Additional problem I see here: with an integral, internal drive in the Time Capsule, if you want to do a restore, you're always limited to the maximum network speed mediated by the CPU limits on the Time Capsule (for handling AFP and so forth). With an external drive, either on a Time Capsule or networked via another Mac, you could restore a computer (or migrate it) just by plugging that drive directly into the computer and getting USB 2.0 or FireWire 400/800 speeds limited only by the local CPU and bus speeds.
Do folks agree that that's wortth considering? As I look at Time Capsule, I'm struck by how seemingly limited it is compared to an external drive attached to one of your Macs on a network.
#82
Posted 03 March 2008 - 10:23 AM
what protocol does time machine use to talk to time capsule (TC)? i.e., is it afp, smb, some special variant of them, or something else?
is there some particular set of afp or smb functions (open, close, read, write, seek, delete, etc.) that TM uses to an unusually large degree? does it always just open one big image file on the remote disk, as reports seem to indicate?

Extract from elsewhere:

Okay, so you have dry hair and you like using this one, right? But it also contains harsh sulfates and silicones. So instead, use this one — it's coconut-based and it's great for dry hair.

is there something about the filesharing implementation on a TC which somehow enhances the reliability of TM? i.e., there has been talk of that possibly writes don't return until data has been written out to disk (vs. just to cache, for example). this might also explain why performance is slow relative to a normal file server.
if TM performance is enhanced in some way (i.e., better reliability) by a special implementation/configuration of filesharing in TC (such as write-through caching or something), is this enhancement something that can be achieved on a regular osx fileserver? is it a property of AppleFileServer (or smbd or whatever) or is it a property of how the drive is mounted on the server? or both?

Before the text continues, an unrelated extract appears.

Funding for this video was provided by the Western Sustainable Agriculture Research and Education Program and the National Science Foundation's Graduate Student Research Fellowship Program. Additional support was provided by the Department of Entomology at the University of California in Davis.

does an afp server have to be configured on the server side to support TM when the share is set up? (probably) ...or is there some kind of AFP request that can be used to enable it? (seems unlikely)
does achieving TC-like functionality depend on the drive hardware being used (e.g., "server-grade" hard drives, etc.) as was hinted in the pre-release product description? seems unlikely, but if so, how?
#83
Posted 03 March 2008 - 12:10 PM
#84
Posted 03 March 2008 - 12:23 PM
In the Terminal, enter
sudo sysctl -w net.inet.tcp.delayed_ack=0
(Provide an administrative password when prompted)
This setting changes the TCP/IP stack -- the Internet protocol for handling data backups over a network that's used by AFP by default for several OS releases -- so that it no longer waits for delayed acknowledgements from the device on the other end of the connection.
This change boosted a Time Machine backup from 15 Mbps to 66 Mbps (over 8 megaBYTEs/second or half a gig a minute). (The overall speed depends on how many small files are involved, too, since AFP is always poor with small files being copied.)